Since it's a mindscape, Hank can assume the identity he feels best in, and so he regresses back to his Ant-Man form, complete with the cybernetic helmet, and he flies off through wherever he is on top of an ant. As he does so, Stark - who, along with the rest of the Avengers and Atlas, are linked into Hank's mind so they see what he does - comments that he thinks Hank's 'always felt more at home as Ant-Man'.
I suppose it caught my attention because I subscribe to the, let's call it Englehartian view that Hank's never really been suited for those sorts of costumed heroics. In that theory, Pym's never really been true to who he is when he throws on a costume and runs around punching people, zapping them with bio-blasts, or changing his size. So the fanboy part of me felt he should have traipsed about as Hank Pym.
Obviously, the fanboy part of me ignored these Avengers are from a time period 20+ years (our time) before Hank went the "scientist adventurer" route, complete with flight suit with dozens of pockets to carry gadgets in. The idea he could go on an adventure like this simply as himself, no codename or costumed identity, would probably never enter '60s Pym's mind. In the '80s, he had to come within seconds of blowing his brains out, and be walked through his history by Firebird to figure it out, so an earlier Hank wouldn't have the experiences to lead him to such a thought.

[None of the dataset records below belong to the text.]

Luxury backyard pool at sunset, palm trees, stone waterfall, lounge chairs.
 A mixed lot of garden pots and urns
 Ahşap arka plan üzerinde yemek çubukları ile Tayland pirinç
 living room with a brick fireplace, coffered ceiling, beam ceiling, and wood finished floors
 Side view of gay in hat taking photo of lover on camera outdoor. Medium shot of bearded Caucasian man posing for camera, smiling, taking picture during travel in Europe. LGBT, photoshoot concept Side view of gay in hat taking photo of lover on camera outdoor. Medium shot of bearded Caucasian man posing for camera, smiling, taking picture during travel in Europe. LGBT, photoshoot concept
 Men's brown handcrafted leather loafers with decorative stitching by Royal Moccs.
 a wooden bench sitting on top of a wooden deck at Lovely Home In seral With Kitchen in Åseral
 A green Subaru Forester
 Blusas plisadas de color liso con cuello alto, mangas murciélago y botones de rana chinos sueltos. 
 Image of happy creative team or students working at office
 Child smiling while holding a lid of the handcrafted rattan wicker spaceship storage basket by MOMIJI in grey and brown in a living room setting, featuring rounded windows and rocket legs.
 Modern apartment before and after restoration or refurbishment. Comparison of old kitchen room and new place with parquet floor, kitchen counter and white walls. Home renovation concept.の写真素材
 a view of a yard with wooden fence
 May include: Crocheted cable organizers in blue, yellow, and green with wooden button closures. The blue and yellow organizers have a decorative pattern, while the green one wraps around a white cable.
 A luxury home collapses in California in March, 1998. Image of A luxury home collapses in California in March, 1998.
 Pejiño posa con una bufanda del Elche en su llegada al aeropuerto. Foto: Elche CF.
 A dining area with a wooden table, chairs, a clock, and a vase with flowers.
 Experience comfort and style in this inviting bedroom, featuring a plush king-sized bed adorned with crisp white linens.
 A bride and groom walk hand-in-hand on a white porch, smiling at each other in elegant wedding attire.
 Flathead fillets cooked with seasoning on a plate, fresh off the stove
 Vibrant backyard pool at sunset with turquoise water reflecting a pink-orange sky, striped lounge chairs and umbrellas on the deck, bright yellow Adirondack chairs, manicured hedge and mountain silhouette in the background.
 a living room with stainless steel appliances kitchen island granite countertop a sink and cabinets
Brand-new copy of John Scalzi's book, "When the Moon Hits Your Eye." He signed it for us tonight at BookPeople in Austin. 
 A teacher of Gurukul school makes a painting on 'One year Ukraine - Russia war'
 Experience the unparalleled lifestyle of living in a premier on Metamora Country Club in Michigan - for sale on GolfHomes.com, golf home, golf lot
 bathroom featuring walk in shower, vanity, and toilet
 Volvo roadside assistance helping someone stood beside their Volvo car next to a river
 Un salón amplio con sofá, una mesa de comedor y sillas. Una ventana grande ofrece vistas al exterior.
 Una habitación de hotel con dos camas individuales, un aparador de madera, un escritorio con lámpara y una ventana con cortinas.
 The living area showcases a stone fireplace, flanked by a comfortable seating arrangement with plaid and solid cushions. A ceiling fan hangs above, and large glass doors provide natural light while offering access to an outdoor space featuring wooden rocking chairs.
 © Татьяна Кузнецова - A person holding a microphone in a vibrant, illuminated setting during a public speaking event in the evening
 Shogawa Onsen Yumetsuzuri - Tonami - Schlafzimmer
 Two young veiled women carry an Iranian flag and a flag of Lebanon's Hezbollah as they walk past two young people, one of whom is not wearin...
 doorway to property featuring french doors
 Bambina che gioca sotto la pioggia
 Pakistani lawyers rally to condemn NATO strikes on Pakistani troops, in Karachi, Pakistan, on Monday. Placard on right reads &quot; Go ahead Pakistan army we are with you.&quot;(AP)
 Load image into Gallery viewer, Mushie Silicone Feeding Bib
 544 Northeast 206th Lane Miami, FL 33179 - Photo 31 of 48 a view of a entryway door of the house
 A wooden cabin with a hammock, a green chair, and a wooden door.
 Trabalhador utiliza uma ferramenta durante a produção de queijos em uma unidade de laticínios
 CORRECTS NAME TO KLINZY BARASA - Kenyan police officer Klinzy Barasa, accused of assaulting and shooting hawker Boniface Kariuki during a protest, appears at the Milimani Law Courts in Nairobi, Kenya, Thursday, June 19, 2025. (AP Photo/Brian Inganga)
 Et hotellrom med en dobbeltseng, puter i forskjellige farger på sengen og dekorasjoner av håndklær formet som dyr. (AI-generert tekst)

Setting that aside, visualizing himself as Ant-Man still makes a lot of sense. I still think Hank isn't well-suited for being a hero who punches things, which would seem to be the primary reason to become Giant-Man, rather than remaining Ant-Man. I think it's telling he found Pym Particles, shrank himself, was nearly killed by ants, and his solution was a helmet so he could communicate with insects. He didn't develop a suit of powered armor to blast the insects with, he instead came up with a way to talk with them, to convince them not to attack, and even to help him. It says something about Hank Pym as a character, such as that his solutions to problems won't involve application of brute force, but something more diplomatic, shall we say. Ant-Man is the identity that follows that works with that more readily*.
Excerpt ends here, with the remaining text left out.